Neural Networks-Part(3): Introduction to Multi-Layer Neural Networks and Keras Function API
Observe this image and answer why would have been these layers added to that cake? For taste right! Each layer has its own unique taste that adds up and makes it even tastier. Similarly, in a neural network, we add layers to it so that it estimates the problem better. Just like that cake, a whole portion of a unique bread is taken we’ll take a number of nodes that will constitute our layer.
That being said, let’s know more about these layers and first by visualising it.
This is an example of a fully connected Neural network with 2 hidden layers(in purple) and an output layer(red) with two predictors(input). Remember input is not considered here as a layer because it doesn’t have any neurons. Each layer consists of nodes and we have taken 4 nodes in the first hidden layer and 3 nodes in its successor. The idea is the same old, each neuron obtains a weighted input from the previous layer and then passed through an activation function; which happens inside our neuron. Do not confuse that the weights would be different for each neuron connection. For example, the first hidden neuron from the top receives the input as W1*X1 +W2*X2, similarly, the second neuron will receive input as W3*X1+W4*X2 and so on. We shall now discuss each layer in depth.
1. The Inputs
Inputs are not considered as a layer for the above-stated reason, but it is important to specify the dimension of the input while creating them in Keras. We generally specify the number of columns (the predictors) and not the number of observations as it can vary. As shown in figure 1, X1 and X2 are used as predictors with any number of samples or observations for them. It is very important that we should standardize or normalize our data before introducing it to the network. Normalization especially helps when sigmoid activation is present in the layers. Learn more about activation functions here in my article on Activation Functions. If you know in sigmoid activation the gradient is larger if the input is near the origin, hence we are less susceptible to vanishing gradients, we will discuss vanishing gradients in the upcoming articles.
The syntax for Inputs in Keras:
keras.Inputs(shape=p)
#p is the number of predictors.2. The Hidden Layers
The hidden layers are the region of your neural network where all the learning happens. The name hidden signifies that you will only have access to the input and the output layer once your model is created. You cannot access the hidden layer after that. Like every other layer, the hidden layer constitutes a number of neurons that receive the weighted sum of inputs from the previous layer. Think of the hidden layers of a neural network as a tool to understand different patterns in your data. For example, if you are building an image detection NN, assume for understanding that the first layer is recognizing the contours and the next one some other feature and so on. But as we keep on increasing the number of hidden layers you also increase the complexity of the network.

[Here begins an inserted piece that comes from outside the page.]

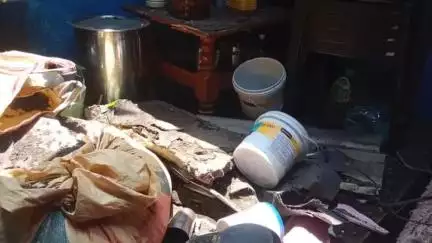 बेरमो: सेन्ट्रल कॉलोनी में सीसीएल कर्मी के मकान की बालकोनी का छज्जा गिरा, परिवार में मची अफरा-तफरी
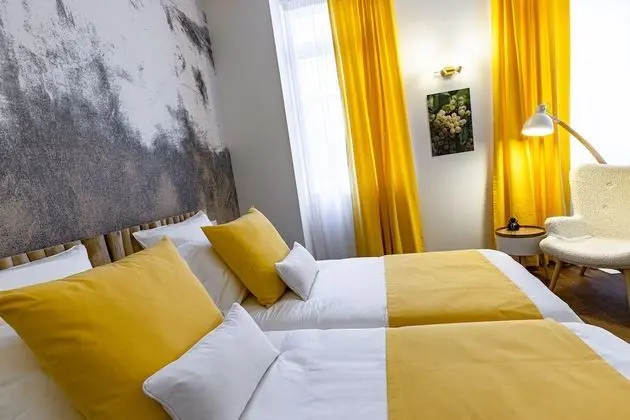Deluxe Tek Büyük veya İki Ayrı Yataklı Oda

The syntax for adding a hidden layer to the network:
keras.layers.Dense(n_neurons,activation='Your Choice')(previous layer)
#n_neurons is the desired number if neurons in a hidden layer
#Use activation function suitable to your problem, to keep it simple use RELU.
#And it take the additional parameter as the previous layer3. The Output Layer
We are now in the end game, the output layer. Note, we consider the output as a layer as it contains neurons, remember? Awesome. It’s just like the hidden layer with weighted input and activation but here is the real deal, this is what we did all this hard work for, for the output and hence the outputs are accessible to us. Different problems require different activation at the output, for example, a classification problem with n number of classes require a softmax activation for the output on n neurons to sum to 1 and hence becomes a probability. In a regression problem, you’d like to use Relu if negative values are not desired-or if they are then go with a simple linear activation; if the input is WX then so will be the output. Hence a multiplication with 1. The syntax is similar to how we add a hidden layer.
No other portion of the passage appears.